Ik ga naar Amerika ~ Bertus Aafjes

Strikt thematisch lezen kan leiden tot ontdekkingen. Alleen al omdat ik tijdens zo’n leesprojectje weleens een boek aanvat dat me anders nooit onder ogen zou zijn gekomen. Het verslag dat Bertus Aafjes [1914 — 1993] schreef over zijn korte eerste verblijf in de VS, zette mij alleen eerder aan tot gedachten over hoe tijden altijd tijden hebben, dan dat me de opmerkingsgave van de schrijver nu zoveel deed.

Boeken kunnen nogal ver achterblijven in het verleden, juist doordat ze het heden van toen in detail hebben vastgelegd. Is er ook de toon nog van de tekst, die net op de verkeerde manier vertrouwelijkheid suggereert met de lezer, waardoor opvalt dat geen schrijver nu zo nog zou schrijven.

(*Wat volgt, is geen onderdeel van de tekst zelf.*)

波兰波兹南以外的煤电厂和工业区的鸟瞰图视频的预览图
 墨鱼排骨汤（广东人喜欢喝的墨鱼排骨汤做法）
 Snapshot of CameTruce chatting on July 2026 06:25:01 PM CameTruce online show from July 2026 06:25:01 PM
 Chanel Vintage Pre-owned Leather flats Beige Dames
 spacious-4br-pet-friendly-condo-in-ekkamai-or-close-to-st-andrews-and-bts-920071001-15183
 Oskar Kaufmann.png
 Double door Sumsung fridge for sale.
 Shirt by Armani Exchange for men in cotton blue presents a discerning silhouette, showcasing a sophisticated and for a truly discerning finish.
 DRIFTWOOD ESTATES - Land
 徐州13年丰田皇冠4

Aafjes reisde in de winter van 1956 met het vrachtschip Witmarsum van Rotterdam naar Houston, en een paar weken later weer terug. Daarbij hield hij een verslag bij voor zijn toen tweejarige dochter, die de bijnaam Dolle Dinsdag droeg. Oorspronkelijk kwam dit boek ook uit onder de titel Logboek voor ‘Dolle Dinsdag’.

Meest opvallend aan dit boek voor de lezer nu zal waarschijnlijk zijn hoe zeer de oorlog indertijd nog van alles kon doordrenken.

Er is die opvallende bijnaam voor dat dochtertje thuis. En de bootreis dient ook om de lezer verhalen te kunnen vertellen over hoe dapper de Nederlandse koopvaardij was tijdens de Tweede Wereldoorlog. Aafjes verhaalt tussendoor trouwens ook rustig over de Zeeslag bij Duins uit 1639, toen de Spaanse Armada beslissend werd verslagen, ondanks de laffe neutraliteit van de Engelsen.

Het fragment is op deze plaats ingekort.